What's the Bash equivalent of a Python dict? declare -A mydict — an associative array. But it can't nest, has no .get(), and requires explicit declaration.
What does Counter.most_common(10) return? A list of (key, count) tuples, sorted by count descending. The 10 highest.
In the log-counting pipeline awk | cut | sort | uniq -c | sort -rn, which step does Counter replace? All of them. Counter does the counting (uniq -c) and .most_common() does the sorting (sort -rn).

Try this now:

python3 -c "
from collections import Counter
words = 'the cat sat on the mat the cat ate the rat'.split()
print(Counter(words).most_common(3))
"

Part 6: Conditionals — No More Bracket Roulette

Bash conditionals are a syntax trivia quiz:

# Bash: which brackets? How many? Spaces inside? Outside?
if [ "$status" = "running" ]; then       # Single bracket: POSIX, spaces required
if [[ "$status" == "running" ]]; then    # Double bracket: Bash extension, glob/regex
if (( count > 10 )); then               # Arithmetic context
if [ -f "/etc/config" ]; then            # File test
if [ -z "$var" ]; then                   # Empty string test
# Python: one way. Obvious.
if status == "running":
    print("Service is up")
elif count > 10:
    print("Above threshold")
else:
    print("Something else")

No then. No fi. No semicolons. No brackets. Indentation defines the block — four spaces per level, enforced by the language.
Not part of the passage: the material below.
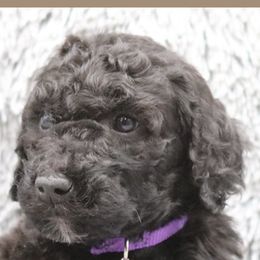 Poodle Puppies from Absolutely Pampered Poodles
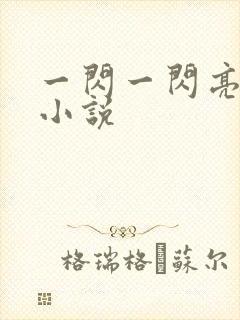 一闪一闪亮星星小说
Truthiness — What Counts as False

In Bash, empty strings are the closest thing to "false," and everything else is messy. Python has a clear rule:

# These are all "falsy" (treated as False in an if statement)
False
0
0.0
""          # empty string
[]          # empty list
{}          # empty dict
None

# Everything else is "truthy"

This means:

servers = []
if servers:
    print("We have servers")      # Skipped — empty list is falsy
else:
    print("No servers found")     # This runs

name = ""
if name:
    print(f"Hello, {name}")       # Skipped — empty string is falsy

Compare that to Bash, where you need [ -z "$var" ] to check for empty, [ -n "$var" ] for non-empty, and [[ -z "${array[@]}" ]] doesn't even do what you think.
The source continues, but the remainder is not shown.